Pasquale Panella a partire dagli anni Settanta ha "evitato la poesia, pervertendola o buttandola in canzone". Ha scritto testi - utilizzando anche diversi pseudonimi, e perfino ricorrendo all’anonimato - per vari autori e interpreti di musica leggera, da Armani a Zucchero, passando per Battisti, Carella e tutto l’alfabeto, senza pregiudizi né preferenze. Sue le liriche dei musical Notre Dame de Paris e Giulietta e Romeo, per le musiche di Riccardo Cocciante, opere di grande successo che Panella definisce "turistico-amorose", e dedica agli "immeritevoli recensori di canzoni". Numerosissime le sue collaborazioni, in ogni direzione. Il compositore Mauro Cardi ha scritto partiture per alcuni suoi racconti, eseguite in prima nazionale da Sonia Bergamasco per la RAI il 7 novembre 2007. Danny Rose e Sergio Carrubba hanno realizzato una "visione" di un suo testo - Il Corpo del Mare - su Napoli e Castel dell’Ovo. Ha anche scritto il romanzo La Corazzata (1997) e la raccolta di racconti Oggetto d'Amore (1998). Apre il 2008 con la pubblicazione di Poema Bianco (IriEd, Roma).

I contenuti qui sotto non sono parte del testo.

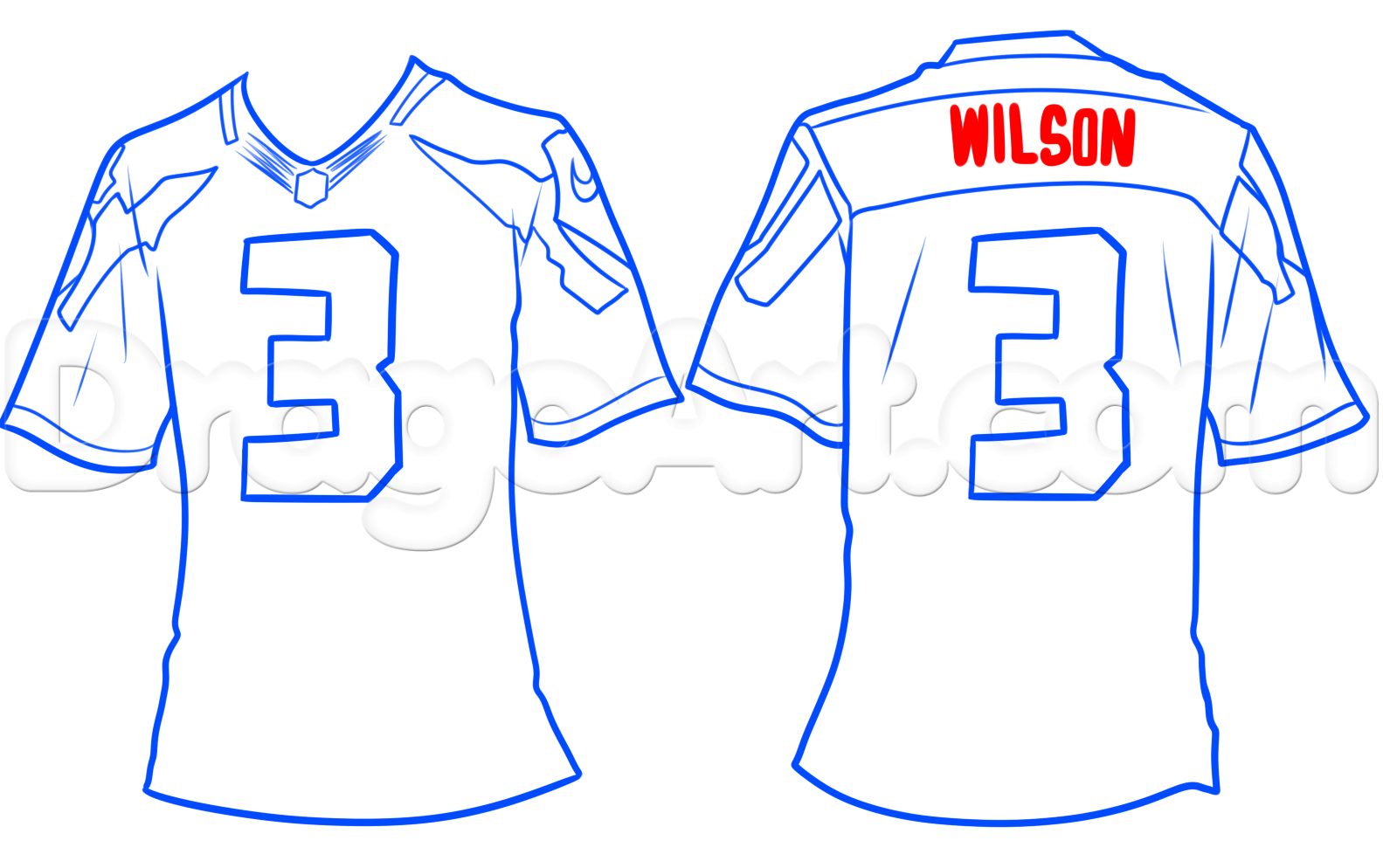1583x994 Football Jersey Drawing Lesson, Step - Football Drawing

Lucio Saviani è nato a Caserta nel 1960. E' uno degli esponenti di maggior rilievo dell'ermeneutica in Italia, come dimostrano i suoi numerosi libri scritti a partire dalla metà degli anni Ottanta, alcuni tradotti in Europa e in America. E' autore di pubblicazioni dedicate all’estetica e all'ermeneutica contemporanea (Ermeneutica e scrittura, 2008; A dadi con gli dei, 1994; Segnalibro, 1995; Ermeneutica del gioco, 1998), alla filosofia come genere di scrittura (Voci di confine, 1993; L’ordine del giorno, 1995) e al dialogo tra filosofia e teologia (Sull’Athos, 2002; Necessità della filosofia, 2007). Numerosi i suoi saggi in riviste e volumi colettanei. Ha insegnato Storia della Filosofia e Fondamenti di Scienze Umane all'Università "La Sapienza" di Roma, dove attualmente insegna Estetica. Collaboratore dell'Istituto Italiano per gli Studi Filosofici di Napoli, consulente di Rai Educational e membro della Società Italiana di Estetica, tiene seminari e conferenze in Italia e all'estero(www.luciosaviani.it).